> **ASSIGNED TASK**:
Transcribe the records below word for word, beginning with the first line and stopping after the line that contains "353 E Georgia, Woodruff, SC"; pictures are not part of the copy.

> **DATA TO EXAMINE**:
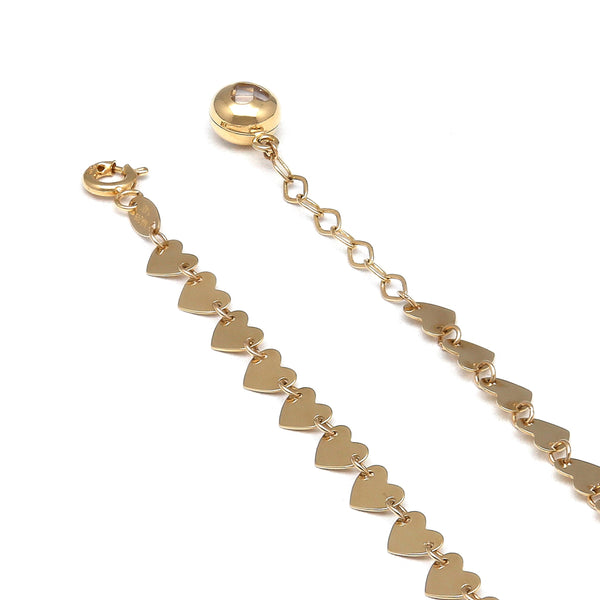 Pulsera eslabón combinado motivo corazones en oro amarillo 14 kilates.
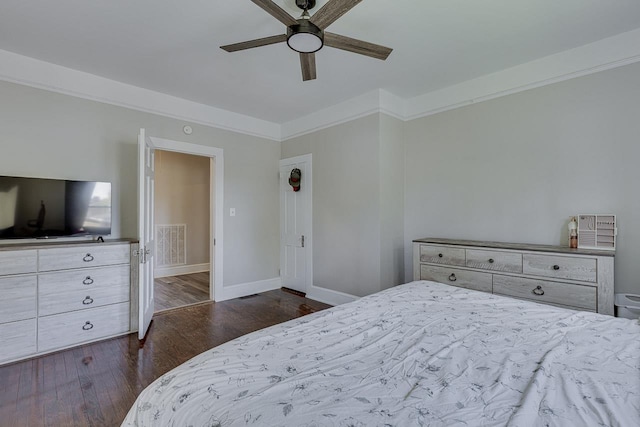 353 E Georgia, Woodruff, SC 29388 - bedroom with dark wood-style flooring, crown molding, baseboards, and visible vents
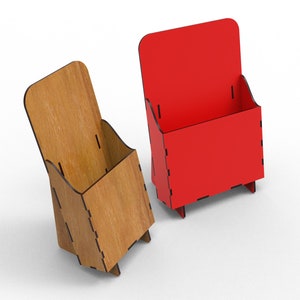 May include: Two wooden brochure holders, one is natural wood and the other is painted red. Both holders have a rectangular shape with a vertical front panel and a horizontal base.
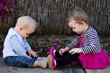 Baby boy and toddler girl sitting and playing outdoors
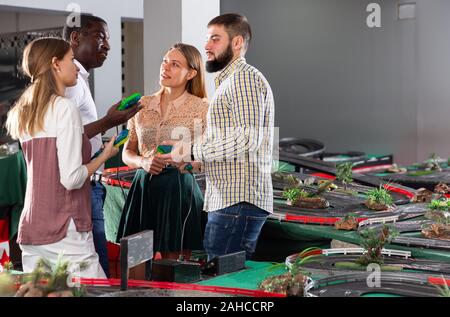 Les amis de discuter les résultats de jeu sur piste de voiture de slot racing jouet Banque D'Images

> **OUTPUT OF THE EXERCISE**:
 Pulsera eslabón combinado motivo corazones en oro amarillo 14 kilates.
 353 E Georgia, Woodruff, SC 29388 - bedroom with dark wood-style flooring, crown molding, baseboards, and visible vents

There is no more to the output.